The wage hike would help workers at the plant in Silao, Mexico, deal with runaway inflation in the country, currently over 7 percent. GM countered with a proposed wage increase of 3.5 percent, which SINTTIA, the newly formed union at the plant, called a slap in the face.
Reuters calls the trucks profitable, which is an understatement. The Chevrolet Silverado (badged the Cheyenne in Mexico) and the GMC Sierra are veritable cash cows for the U.S. auto giant. The trucks have given GM a 32.5 percent market share in their segment of the U.S. auto market — or just about a third of all truck sales in the U.S. That’s probably a big chunk of the profits that GM recently posted.
The automaker expects to make somewhere between $9.6 and $11.6 billion in 2022. These projections, along with new labor laws that are part of the USMCA agreement, have empowered GM workers in Mexico to finally ask the carmaker to address the wage disparity between workers in the U.S. and Mexico. GM factory workers in the U.S. start at $17.50 per hour.
Alejandra Morales is the Secretary General of the plant’s new labor union, SINTTIA (translated: National Independent Labor Union Of Automotive Workmen And Workwomen). Morales told Reuters that the requested raise would help combat inflation, account for the plant’s increased output, and fight the slumping purchasing power of the peso in a time when GM’s profits, in U.S. dollars, are strong.

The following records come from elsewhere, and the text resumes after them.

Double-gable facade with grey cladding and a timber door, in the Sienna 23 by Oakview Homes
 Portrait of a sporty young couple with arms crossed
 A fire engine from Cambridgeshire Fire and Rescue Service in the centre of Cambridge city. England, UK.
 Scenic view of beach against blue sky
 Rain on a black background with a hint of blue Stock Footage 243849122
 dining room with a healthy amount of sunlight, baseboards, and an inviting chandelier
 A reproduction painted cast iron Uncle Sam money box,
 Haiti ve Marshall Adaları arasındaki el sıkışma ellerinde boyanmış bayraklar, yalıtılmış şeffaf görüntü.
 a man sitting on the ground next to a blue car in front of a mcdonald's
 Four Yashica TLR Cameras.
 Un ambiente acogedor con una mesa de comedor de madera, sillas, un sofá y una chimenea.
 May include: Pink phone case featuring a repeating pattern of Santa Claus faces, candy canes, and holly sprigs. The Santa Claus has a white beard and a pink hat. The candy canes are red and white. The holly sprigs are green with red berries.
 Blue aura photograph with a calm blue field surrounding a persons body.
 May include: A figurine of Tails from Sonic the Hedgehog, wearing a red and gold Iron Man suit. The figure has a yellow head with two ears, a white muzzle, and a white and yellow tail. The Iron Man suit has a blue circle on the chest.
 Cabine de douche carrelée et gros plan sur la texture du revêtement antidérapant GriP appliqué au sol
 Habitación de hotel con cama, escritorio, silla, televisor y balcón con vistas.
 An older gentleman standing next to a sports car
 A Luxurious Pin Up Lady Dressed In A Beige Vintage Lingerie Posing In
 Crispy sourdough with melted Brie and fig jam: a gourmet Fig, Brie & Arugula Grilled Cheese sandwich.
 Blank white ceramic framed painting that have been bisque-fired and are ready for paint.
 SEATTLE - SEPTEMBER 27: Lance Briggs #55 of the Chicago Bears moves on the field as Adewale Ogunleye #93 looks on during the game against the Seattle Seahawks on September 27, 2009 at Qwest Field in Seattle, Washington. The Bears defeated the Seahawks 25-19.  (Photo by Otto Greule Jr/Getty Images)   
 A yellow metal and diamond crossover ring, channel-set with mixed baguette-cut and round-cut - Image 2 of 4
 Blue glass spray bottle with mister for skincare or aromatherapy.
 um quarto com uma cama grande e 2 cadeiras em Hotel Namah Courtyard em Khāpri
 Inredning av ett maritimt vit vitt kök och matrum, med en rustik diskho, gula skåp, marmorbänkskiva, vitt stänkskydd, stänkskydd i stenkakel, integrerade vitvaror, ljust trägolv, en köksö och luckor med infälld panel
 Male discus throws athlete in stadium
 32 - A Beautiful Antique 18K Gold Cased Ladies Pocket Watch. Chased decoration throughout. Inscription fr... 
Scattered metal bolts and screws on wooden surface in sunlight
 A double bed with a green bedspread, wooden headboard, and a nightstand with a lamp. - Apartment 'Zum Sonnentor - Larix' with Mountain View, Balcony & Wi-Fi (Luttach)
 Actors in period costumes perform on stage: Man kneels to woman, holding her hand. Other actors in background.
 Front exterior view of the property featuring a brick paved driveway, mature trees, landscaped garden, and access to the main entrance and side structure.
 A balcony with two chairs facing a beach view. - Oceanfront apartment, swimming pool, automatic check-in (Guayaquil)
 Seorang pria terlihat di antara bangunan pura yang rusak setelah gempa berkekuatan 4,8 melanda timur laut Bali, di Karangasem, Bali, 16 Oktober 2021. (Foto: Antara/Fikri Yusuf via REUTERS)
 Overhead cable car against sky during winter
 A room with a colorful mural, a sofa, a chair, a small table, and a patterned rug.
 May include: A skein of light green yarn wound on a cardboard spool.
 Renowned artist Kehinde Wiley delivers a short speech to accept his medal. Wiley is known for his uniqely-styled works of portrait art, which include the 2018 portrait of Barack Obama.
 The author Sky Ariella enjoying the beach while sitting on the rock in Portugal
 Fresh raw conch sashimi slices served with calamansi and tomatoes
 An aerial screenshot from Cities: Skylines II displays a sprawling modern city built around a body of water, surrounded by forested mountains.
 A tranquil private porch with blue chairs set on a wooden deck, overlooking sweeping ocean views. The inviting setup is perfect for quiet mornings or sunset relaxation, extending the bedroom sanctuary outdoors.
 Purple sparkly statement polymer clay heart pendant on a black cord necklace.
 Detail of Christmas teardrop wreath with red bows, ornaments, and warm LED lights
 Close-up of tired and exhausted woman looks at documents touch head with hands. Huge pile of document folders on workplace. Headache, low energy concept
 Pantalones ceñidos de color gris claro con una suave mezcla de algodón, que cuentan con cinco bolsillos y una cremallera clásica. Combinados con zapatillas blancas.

The independent SINTTIA union replaced another union that operated largely unopposed at Silao for some 25 years. In that time, the union allegedly represented members poorly and was accused of corruption and bribes meant to keep worker pay low.
The deadline for negotiations is May 31, and SINTTIA says it’s ready to strike. Workers are reportedly not optimistic about the pay increase.